O escritório Dalledone & Advogados Associados, responsável pela defesa de Oséias Gomes, informa que a narrativa nos autos do processo é nitidamente contrária ao que está sendo ventilado. Oséias foi vítima de criminosos, que estavam lhe extorquindo e visavam ganhos financeiros eternos.

Trata-se de uma grande trama que será desvelada em breve.

Oseias é um empresário íntegro, honesto, sem qualquer antecedente criminal e nunca teve qualquer motivo para mandar matar a vítima.

“Isso é um absurdo”, dispara Claudio Dalledone Junior

Dalledone & Advogados Associados

Dinheiro de origem ilícita

Personagens centrais de uma história trágica e criminosa, em Ponta Grossa, as relações comerciais entre José Claiton Leal Machado e o CEO da Odonto Excellence, Oséias Gomes, começaram em 2006, coincidindo com um assalto ocorrido no Rio Grande do Sul, quando foram mortos o policial militar Oscar dos Santos Carvalho e o assaltante Claudemir Rodrigues de Oliveira, conhecido por Mille. Dois meses após esses acontecimentos, foram presos vários envolvidos, inclusive José Claiton, apelidado de “Pixain”, que ficou preso durante 11 meses, ganhou liberdade provisória e fugiu para o Paraná.

Chegando em Carambeí, ele começou a entregar panfletos com Oséias Gomes divulgando as novas unidades que iriam inaugurar na região de Ponta Grossa, Palmeira e em outras cidades. Foi quando Oséias pediu a carteira do José Claiton para fazer o registro dele na unidade Odonto Excellence. José Claiton, como era fugitivo, se recusou. “Foi aí que Oséias perguntou se ele era fugitivo e ele contou a verdade e contou que tinha um valor em dinheiro de 84 mil reais, à época, e que estava escondido”. Essa informação consta no inquérito. Este valor não podia aparecer. Conversando com Oséias, eles fizeram um acordo: José Claiton entregaria o dinheiro a Oséias, que tinha algumas unidades de Odonto abertas, e ficaria fácil trabalhar com o valor e, sendo assim, José Claiton passou a ser um sócio de fato de Oséias, mas o combinado era só entre eles.

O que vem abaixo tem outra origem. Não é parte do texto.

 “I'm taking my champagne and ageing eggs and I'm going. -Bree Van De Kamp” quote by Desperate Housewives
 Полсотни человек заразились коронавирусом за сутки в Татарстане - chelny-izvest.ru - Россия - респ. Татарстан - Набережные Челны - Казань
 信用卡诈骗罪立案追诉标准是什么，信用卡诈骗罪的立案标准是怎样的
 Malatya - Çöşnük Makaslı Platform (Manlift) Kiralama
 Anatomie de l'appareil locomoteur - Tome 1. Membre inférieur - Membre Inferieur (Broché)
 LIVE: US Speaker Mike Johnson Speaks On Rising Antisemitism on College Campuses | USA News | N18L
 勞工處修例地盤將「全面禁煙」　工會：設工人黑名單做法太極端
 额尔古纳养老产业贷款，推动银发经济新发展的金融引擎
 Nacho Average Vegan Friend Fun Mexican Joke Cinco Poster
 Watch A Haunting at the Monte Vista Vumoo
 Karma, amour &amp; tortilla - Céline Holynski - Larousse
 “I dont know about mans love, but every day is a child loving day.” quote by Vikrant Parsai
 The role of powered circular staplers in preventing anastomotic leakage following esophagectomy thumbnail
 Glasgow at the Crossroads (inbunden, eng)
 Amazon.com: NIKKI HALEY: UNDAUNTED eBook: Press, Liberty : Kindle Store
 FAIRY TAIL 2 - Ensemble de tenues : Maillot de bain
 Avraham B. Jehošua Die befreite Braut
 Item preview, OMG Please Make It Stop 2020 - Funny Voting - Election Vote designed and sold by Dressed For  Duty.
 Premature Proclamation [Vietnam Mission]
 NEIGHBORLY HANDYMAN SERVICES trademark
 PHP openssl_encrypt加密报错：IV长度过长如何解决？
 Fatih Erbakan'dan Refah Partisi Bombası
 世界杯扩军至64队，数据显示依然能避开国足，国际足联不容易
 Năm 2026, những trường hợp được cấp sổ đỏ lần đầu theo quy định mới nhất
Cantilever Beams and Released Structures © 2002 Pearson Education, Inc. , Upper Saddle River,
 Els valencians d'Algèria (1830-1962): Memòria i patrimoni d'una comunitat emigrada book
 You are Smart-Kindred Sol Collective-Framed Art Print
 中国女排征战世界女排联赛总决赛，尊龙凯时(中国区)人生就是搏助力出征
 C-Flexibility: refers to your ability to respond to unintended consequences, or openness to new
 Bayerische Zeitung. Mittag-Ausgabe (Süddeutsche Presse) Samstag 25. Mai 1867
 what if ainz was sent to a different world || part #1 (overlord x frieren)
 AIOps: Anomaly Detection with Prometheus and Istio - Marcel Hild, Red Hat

Assalto com mortes ocorreu no Rio Grande do Sul

A 1ª Vara Criminal Federal de Porto Alegre julgou, na última sexta feira (27/07/2007), os acusados de envolvimento em latrocínio (roubo seguido de morte) na cidade de Casca (RS), ocorrido no dia 5 de junho de 2006. O crime resultou na morte do então comandante da Brigada Militar no município, tenente Oscar dos Santos Carvalho, 45 anos. Na ocasião, os assaltantes invadiram simultaneamente as agências da Caixa Econômica Federal e do Banco do Brasil, por volta das 11h30min. Com a chegada da Brigada Militar, houve tomada de funcionários e clientes do banco como reféns e troca de tiros. No confronto, além do tenente, também foi morto o assaltante Claudemir de Oliveira Rodrigues, conhecido como “Mile”.

Os réus Geazi Corrêa, Joelso de Abreu, Neiton Luis Barth e Bendito Bet foram condenados a penas que variam entre 26 e 28 anos de reclusão pelo crime de latrocínio. Geazi, Neiton e Bendito foram também condenados por posse ilegal de arma de fogo, a penas de 1 a 3 anos de reclusão. Os quatro réus cumprem pena no Presídio Regional de Passo Fundo, no Planalto Médio do Estado. O Ministério Público Federal pediu a absolvição de outros cinco acusados, por falta de provas. A ação penal tramitou na Vara Especializada da Capital em virtude da Resolução nº 56 do TRF da 4ª Região, hoje revogada, a qual determinava que todas as ações penais de competência federal relativas a crime organizado instauradas no Estado do Rio Grande do Sul fossem processadas e julgadas pela 1ª Vara Criminal Federal de Porto Alegre. As armas apreendidas em poder dos assaltantes foram destinadas à Brigada Militar.